The work of Bela Silva (born in 1966 in Lisbon) always asks us to look beyond the obvious. A first encounter with her azulejos, ceramics, and drawings will tell us about her fascination with nature, animals, and storytelling. Zooming in on her practice allows us to go deeper and explore the hidden workings of her mind as a source for her vast and eclectic interests. One of the most striking aspects of her work is that it is not grounded in one specific preoccupation that she excavates over and over. On the contrary, her references form an ecosystem of interests, disciplines, times, artistic movements, and geographies that span literature, popular culture, nature, urban myths, animals, children’s stories, baroque style, the classical period, modernism, Japan, Portugal, and Persia, to name just a few. Taking ideas and imagery from these manifold sources, Bela Silva extracts her own distinctive orientations.

Bela Silva has created several public art projects, notably her surreal and joyful murals made of azulejo tilework for the Alvalade metro station in Lisbon. Inspired by the Portuguese traditional oral tale “the monkey with the short tail, who made a razor out of his tail, and a sardine out of a razor...”, the mural features a monkey pulling a long rope that is being held by seven women dressed in belle époque period clothing.
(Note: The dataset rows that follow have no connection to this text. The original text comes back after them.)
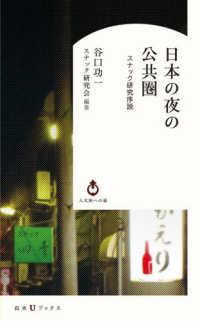 日本の夜の公共圏 - スナック研究序説 白水Ｕブックス／人文知への扉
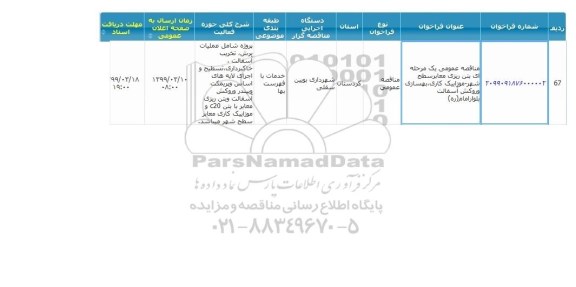 مناقصه، مناقصه بتن ریزی معابر، موزاییک کاری و بهسازی و روکش آسفالت 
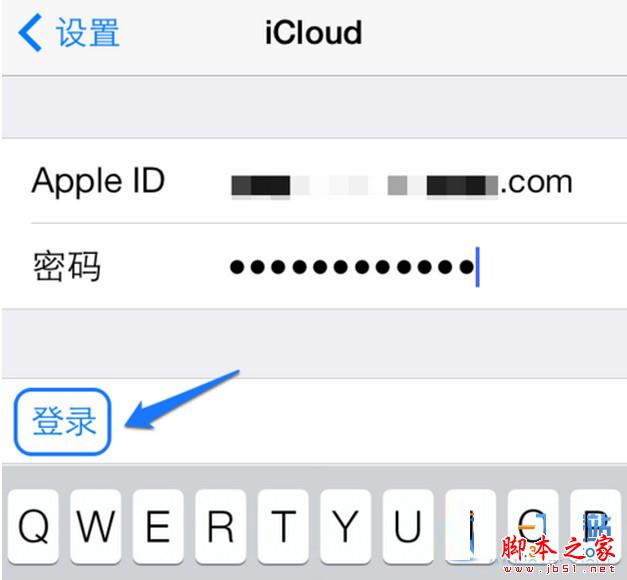 iphone6防盗功能怎么用3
Another detail shows a monkey walking past a woman with scissors. On another panel, the theme of the night is visually translated by the owl, a mysterious animal, a silent voyeur. Bold colours, rhythmic shapes, dancing women, playful monkeys, and flying dragonflies join forces to recount a folktale that incites us to think of other endings to the story. Bela Silva’s use of azulejos is not exclusively applied to large public works, many of her compositions come in different sizes and have an intimate character, such as the series of three wall ceramics (each less than one meter high) shown in the context of the Limonada exhibition at the Double V Gallery in Marseille. Here, birds merge with flowers in a composition that reminds us that nature is made as much of harmony as of tension.

It is easy to picture Bela Silva wandering the old streets and flea markets of Brussels or Lisbon like an archaeologist seeking to unearth precious findings. Using sheet music, vintage wallpapers, or pages of old books as scenery, her visual essays unfold with flowers and exuberant leaves that blend together with talking birds, inquisitive rabbits, or gazing monkeys conversing in an indecipherable language. In La Maison des oiseaux parleurs, which she created for Hermès, birds become shapes, colours, patterns, and flowers that inhabit a scarf that will cover someone’s neck, thus becoming a drawing upon a body. On other occasions, she appropriates objects such as the covers of old Portuguese dictionaries that are turned into sculptures-stages in the work Refeição ou namoro [Meal or flirt]. These scenes with animals evoke complicated, loving relationships between different beings, bodies, and minds, a topic that is also explored in a plethora of her drawings, such as the recent Love Song.

What unites the diversity of themes and mediums explored by Bela Silva is drawing, which is the foundation of all her work. Conceptually, her oeuvre is linked by a fascination for (re)telling stories from/in as many different contexts as possible. In other words, a fascination for the world that surrounds us, maybe not so much as it actually is but more as our minds dare to imag(in)e.